I get a kick out of checking in at Dodge City. I also check us in at a few other points just so people know where we are. I have a lot of friends who are jealous of our train adventures. I keep telling them to join us. 

When are you traveling on the SWC?


----------



## Cooley47

December 31st-Jan 2nd.


----------



## SarahZ

Looks like we're going to miss you by just a few days. We leave ABQ on 12/27 and get into CHI on 12/28.


----------



## Cooley47

Yup, just a couple days early. I start my travel from D.C. the 30th, and end up in Cali on the 2nd.


----------



## Trainmans daughter

SarahZ said:


> Looks like we're going to miss you by just a few days. We leave ABQ on 12/27 and get into CHI on 12/28.


We are arriving in Chicago on the 28th, also. If on time, the CZ will pull into the station about 25 minutes before you get there. Maybe we'll see each other!


----------



## SarahZ

Trainmans daughter said:


> SarahZ said:
> 
> 
> 
> Looks like we're going to miss you by just a few days. We leave ABQ on 12/27 and get into CHI on 12/28.
> 
> 
> 
> We are arriving in Chicago on the 28th, also. If on time, the CZ will pull into the station about 25 minutes before you get there. Maybe we'll see each other!
Click to expand...

That would be cool! We'll be in the lounge, waiting for the 6:00 Wolverine to depart. I imagine you'll be heading to your hotel at that point.


----------



## Trainmans daughter

SarahZ said:


> Trainmans daughter said:
> 
> 
> 
> 
> 
> SarahZ said:
> 
> 
> 
> Looks like we're going to miss you by just a few days. We leave ABQ on 12/27 and get into CHI on 12/28.
> 
> 
> 
> We are arriving in Chicago on the 28th, also. If on time, the CZ will pull into the station about 25 minutes before you get there. Maybe we'll see each other!
> 
> Click to expand...
> 
> That would be cool! We'll be in the lounge, waiting for the 6:00 Wolverine to depart.
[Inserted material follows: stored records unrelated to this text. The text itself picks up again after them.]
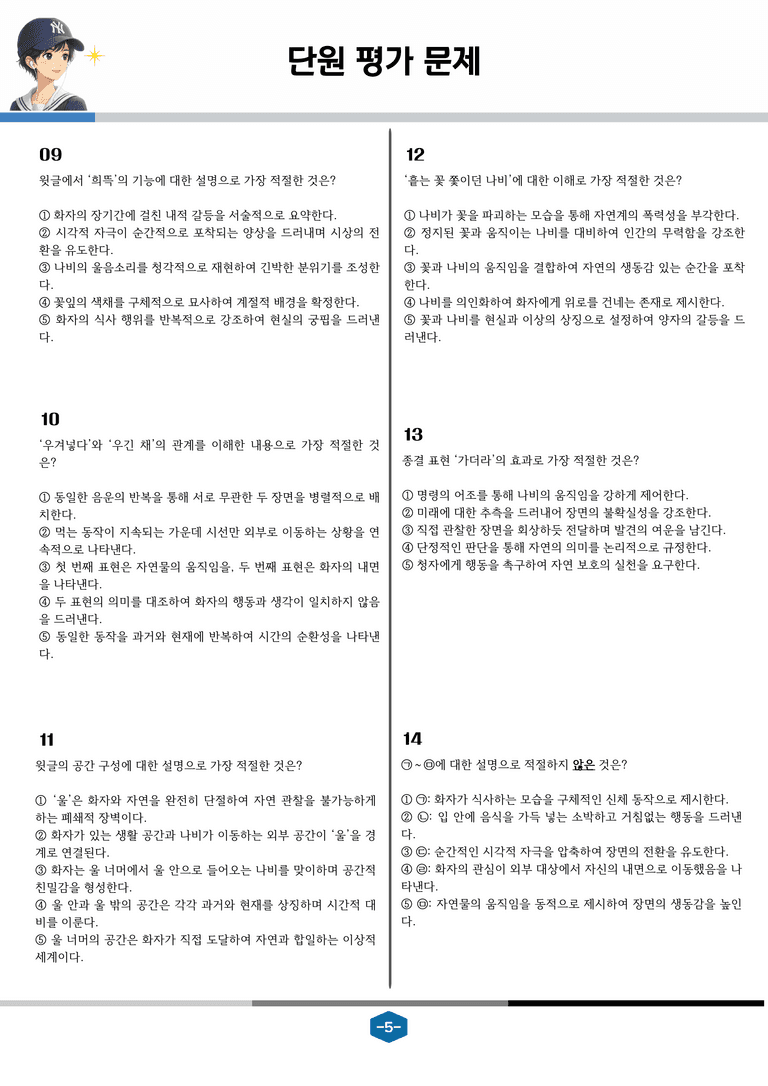 [현대시의 모든 것] 상치쌈(조운) 분석 및 예상.심화 문제_preview_5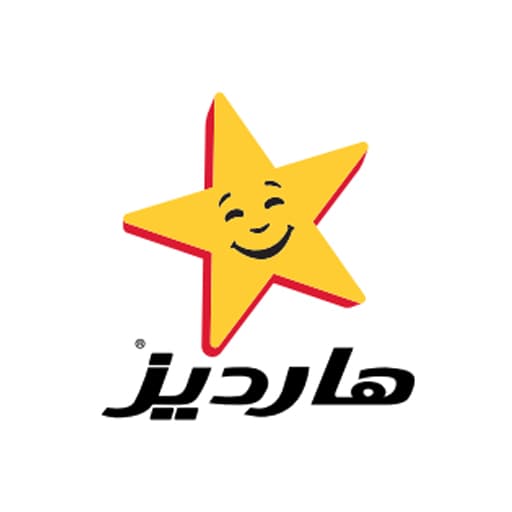 هارديز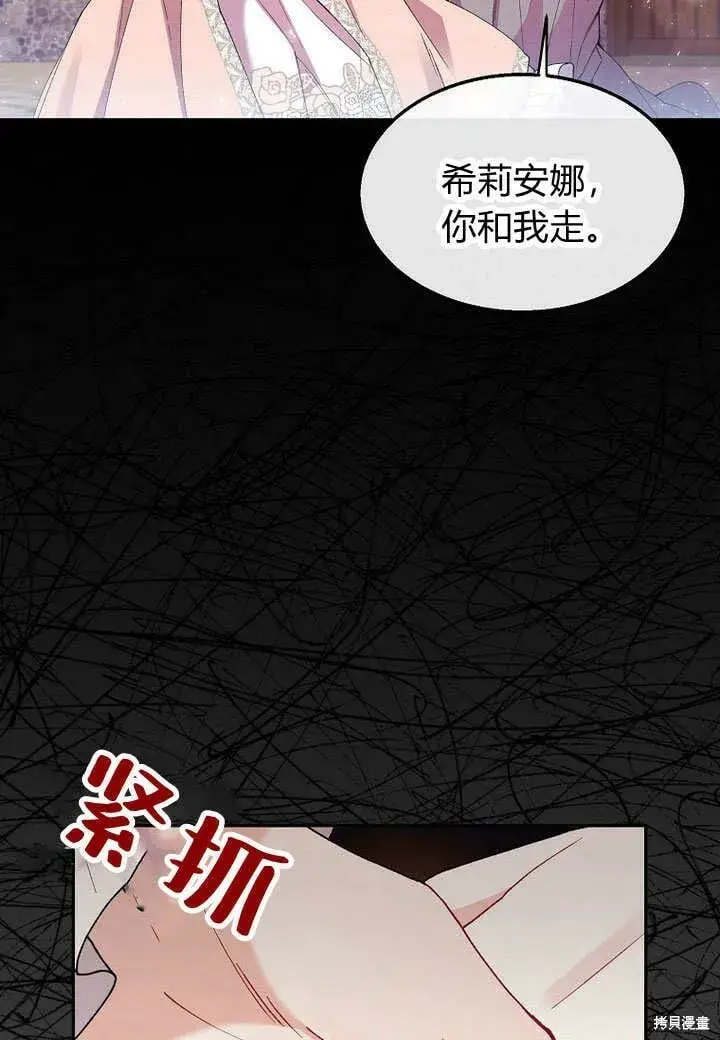 《真的女儿回来了》第7话 甜甜的糖果图7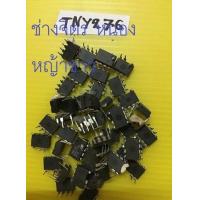 ราคา TNY276PN TNY276PN TNY276P DIP 7การจัดการพลังงาน LCD (16473813248)
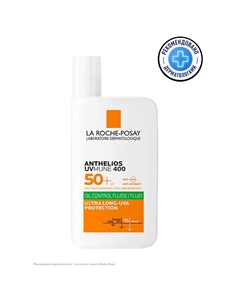 Anthelios Uvmune 400 Солнцезащитный матирующий флюид для лица SPF 50+ / PPD 56 La roche-posay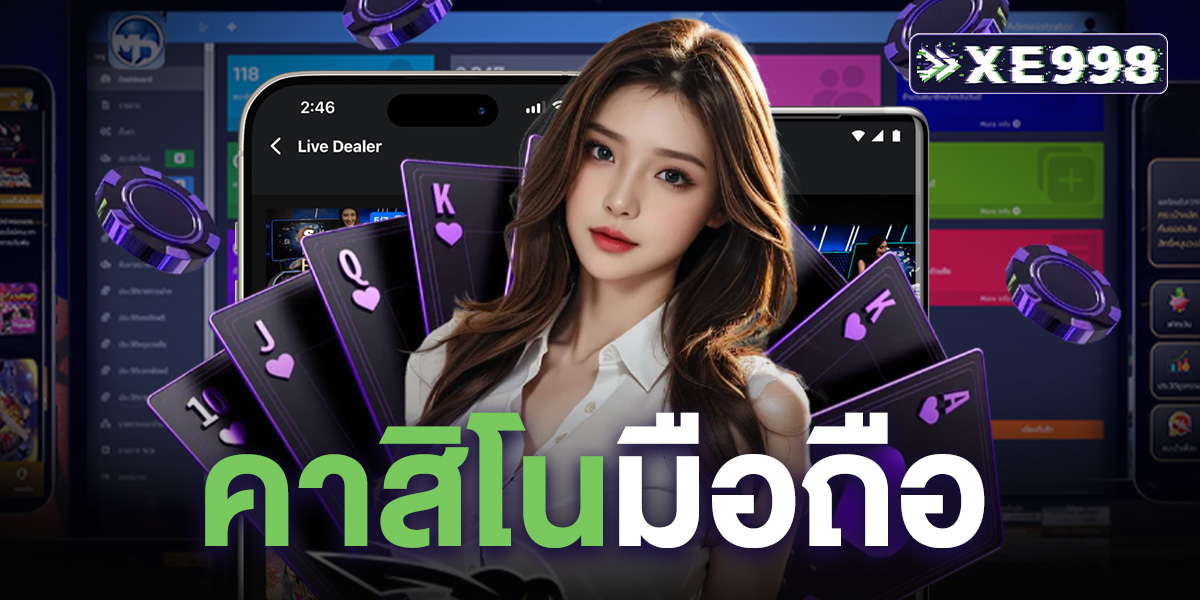 u31th เว็บตรง รวมสล็อต คาสิโน และบริการครบวงจร — รีวิวเชิงลึกพร้อมคำแนะนำ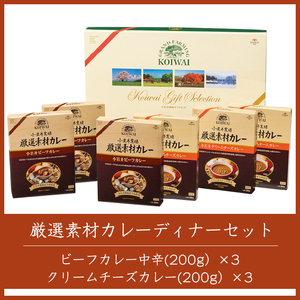 小岩井農場 厳選素材 カレー ディナー セット 6食 ／ 人気 ビーフカレー カレーライス カリー レトルトカレー レトルト 中辛 クリームチーズ チーズカレー 2種類 食べ比べ お取り寄せ ギフト プチギフト 贈答用 贈り物 プレゼント お祝い 国産 ビーフ 牛肉 お土産 手土産 誕生日 記念日 常温発送 おすすめ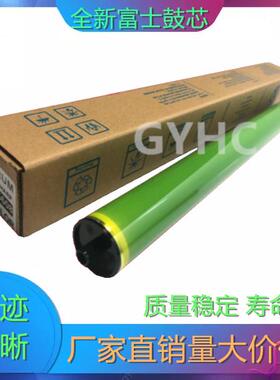 富士夏普MX-560DR鼓芯B4621R M5658N 4608 5608 5621 3608感光鼓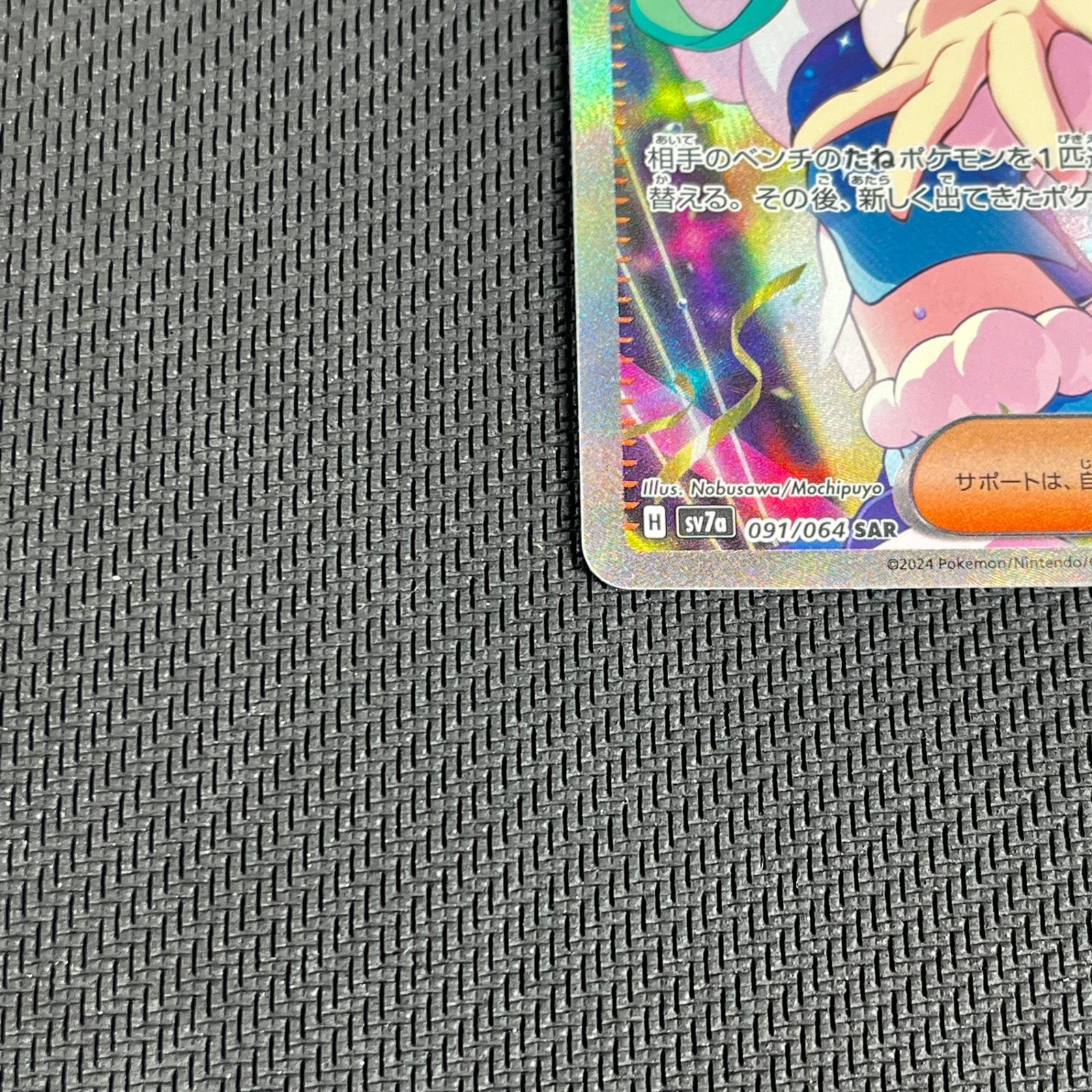 ポケカ ルチアのアピール SAR 091/064/SV7A/B 楽園ドラゴーナ - メルカリ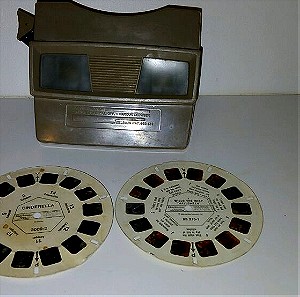 view master + δισκακια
I imagine you'll be heading to your hotel at that point.
Click to expand...

Maybe we'll hang out for a few minutes with you in the lounge. To date, I've only met one forum member--meeting you would double that number. We could share a complimentary package of Goldfish crackers and call it a "mini Chicago Gathering".


----------



## SarahZ

Haha. Deal.  We'll tell you all about our trip to San Francisco and how much we loved it.

If the kidlet is hungry, we can have dinner in the food court or Metro Deli.


----------



## Trainmans daughter

Sounds good, Sarah.


----------



## Cooley47

I know this is a silly question, and people might not even know, but being none of the trains I'm on except the San Joaquin have wifi, does anyone have an idea or know exactly how much data they use for long trips on trains with their phones?


----------



## SarahZ

Cooley47 said:


> I know this is a silly question, and people might not even know, but being none of the trains I'm on except the San Joaquin have wifi, does anyone have an idea or know exactly how much data they use for long trips on trains with their phones?


Oof. That response is going to vary across the board.

I have an unlimited plan with Sprint, so I couldn't tell you how much we actually use. I do know my boyfriend uses much more than I do. I tend to read or play games, whereas he likes to check in on Fark and other sites when he isn't reading.

If you're worried you're going to go over your plan's limit, it might be cheaper to just pay for an unlimited plan during your trip and then switch back to your regular plan when you get home. Most phone companies will pro-rate the charge, meaning you'll only pay for a week or two instead of the entire month.


----------



## Cooley47

I don't think companies offer unlimited anymore. I have a 3GB plan and I usually only use roughly 600MB a month, but a lot of that time I'm on wireless connections.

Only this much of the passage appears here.